> **Work instructions**:
A faithful transcript of every entry is required; pictures do not belong in it.
------------
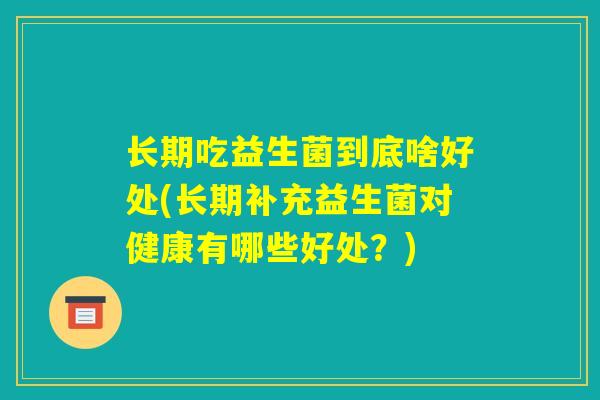 长期吃益生菌到底啥好处(长期补充益生菌对健康有哪些好处？)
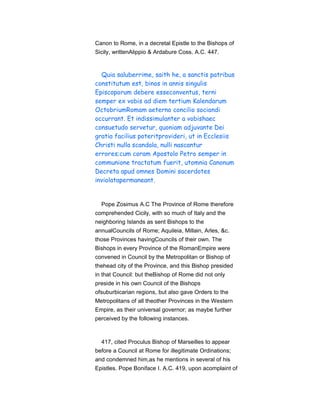 Canon to Rome, in a decretal Epistle to the Bishops of
Sicily, writtenAlippio & Ardabure Coss. A.C. 447.
Quia saluberrime, saith he, a sanctis patribus
constitutum est, binos in annis singulis
Episcoporum debere esseconventus, terni
semper ex vobis ad diem tertium Kalendarum
OctobriumRomam aeterno concilio sociandi
occurrant. Et indissimulanter a vobishaec
consuetudo servetur, quoniam adjuvante Dei
gratia facilius poteritprovideri, ut in Ecclesiis
Christi nulla scandala, nulli nascantur
errores;cum coram Apostolo Petro semper in
communione tractatum fuerit, utomnia Canonum
Decreta apud omnes Domini sacerdotes
inviolatapermaneant.
Pope Zosimus A.C The Province of Rome therefore
comprehended Cicily, with so much of Italy and the
neighboring Islands as sent Bishops to the
annualCouncils of Rome; Aquileia, Millain, Arles, &c.
those Provinces havingCouncils of their own. The
Bishops in every Province of the RomanEmpire were
convened in Council by the Metropolitan or Bishop of
thehead city of the Province, and this Bishop presided
in that Council: but theBishop of Rome did not only
preside in his own Council of the Bishops
ofsuburbicarian regions, but also gave Orders to the
Metropolitans of all theother Provinces in the Western
Empire, as their universal governor; as maybe further
perceived by the following instances.
417, cited Proculus Bishop of Marseilles to appear
before a Council at Rome for illegitimate Ordinations;
and condemned him,as he mentions in several of his
Epistles. Pope Boniface I. A.C. 419, upon acomplaint of
 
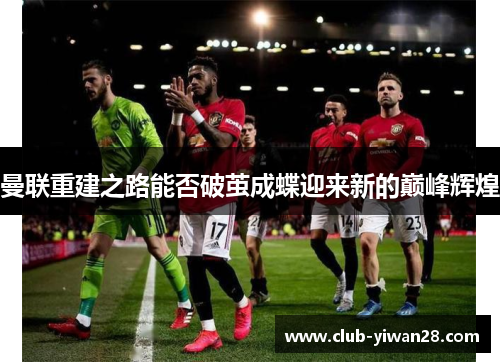 曼联重建之路能否破茧成蝶迎来新的巅峰辉煌 曼联重建之路能否破茧成蝶迎来新的巅峰辉煌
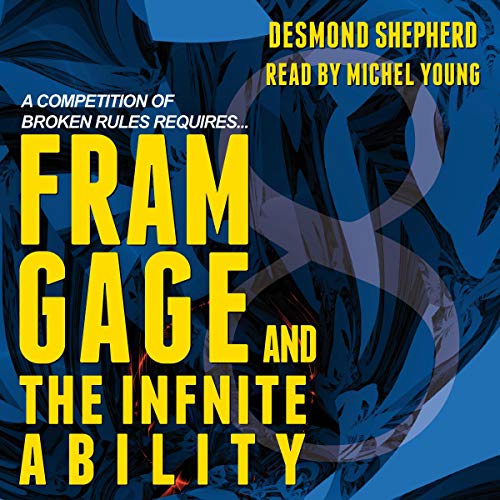 Cover of Fram Gage and the Infinite Ability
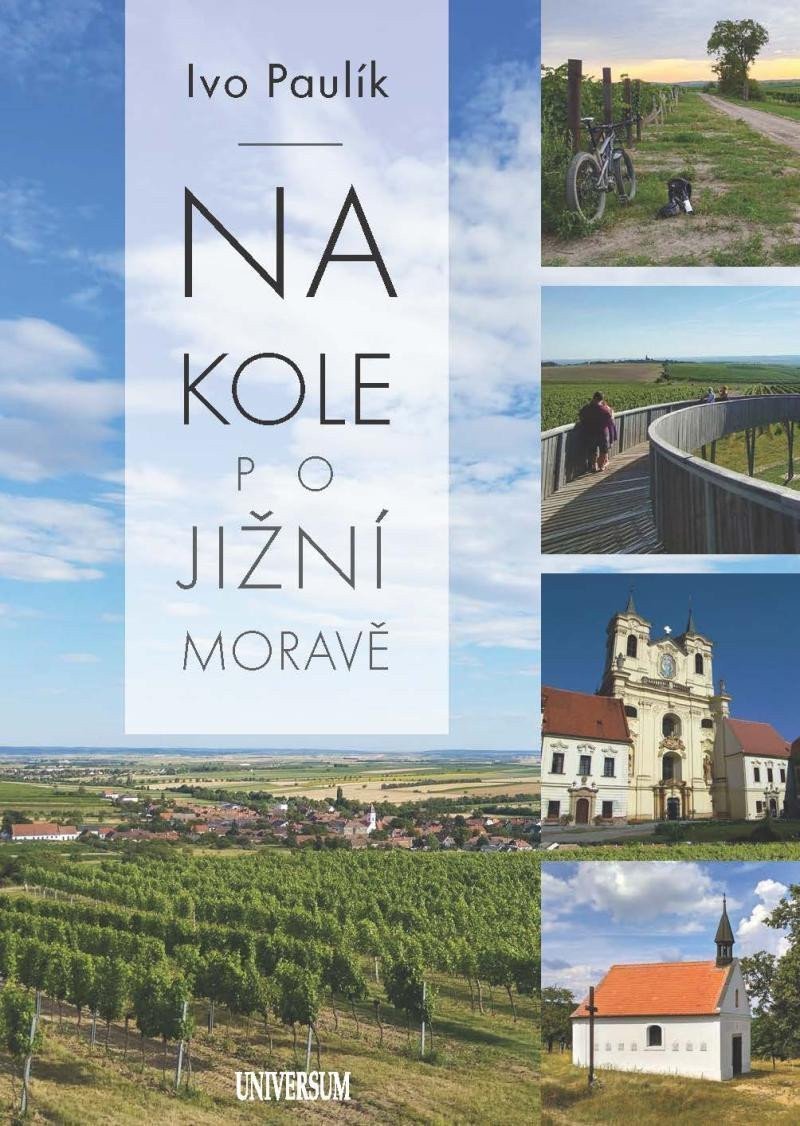 Na kole po jižní Moravě – Paulík Ivo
------------
> **Expected answer**:
 长期吃益生菌到底啥好处(长期补充益生菌对健康有哪些好处？)
 Canon to Rome, in a decretal Epistle to the Bishops of
Sicily, writtenAlippio & Ardabure Coss. A.C. 447.
Quia saluberrime, saith he, a sanctis patribus
constitutum est, binos in annis singulis
Episcoporum debere esseconventus, terni
semper ex vobis ad diem tertium Kalendarum
OctobriumRomam aeterno concilio sociandi
occurrant. Et indissimulanter a vobishaec
consuetudo servetur, quoniam adjuvante Dei
gratia facilius poteritprovideri, ut in Ecclesiis
Christi nulla scandala, nulli nascantur
errores;cum coram Apostolo Petro semper in
communione tractatum fuerit, utomnia Canonum
Decreta apud omnes Domini sacerdotes
inviolatapermaneant.
Pope Zosimus A.C The Province of Rome therefore
comprehended Cicily, with so much of Italy and the
neighboring Islands as sent Bishops to the
annualCouncils of Rome; Aquileia, Millain, Arles, &c.
those Provinces havingCouncils of their own. The
Bishops in every Province of the RomanEmpire were
convened in Council by the Metropolitan or Bishop of
thehead city of the Province, and this Bishop presided
in that Council: but theBishop of Rome did not only
preside in his own Council of the Bishops
ofsuburbicarian regions, but also gave Orders to the
Metropolitans of all theother Provinces in the Western
Empire, as their universal governor; as maybe further
perceived by the following instances.
417, cited Proculus Bishop of Marseilles to appear
before a Council at Rome for illegitimate Ordinations;
and condemned him,as he mentions in several of his
Epistles. Pope Boniface I. A.C. 419, upon acomplaint of
 
 曼联重建之路能否破茧成蝶迎来新的巅峰辉煌 曼联重建之路能否破茧成蝶迎来新的巅峰辉煌
 Cover of Fram Gage and the Infinite Ability
 Na kole po jižní Moravě – Paulík Ivo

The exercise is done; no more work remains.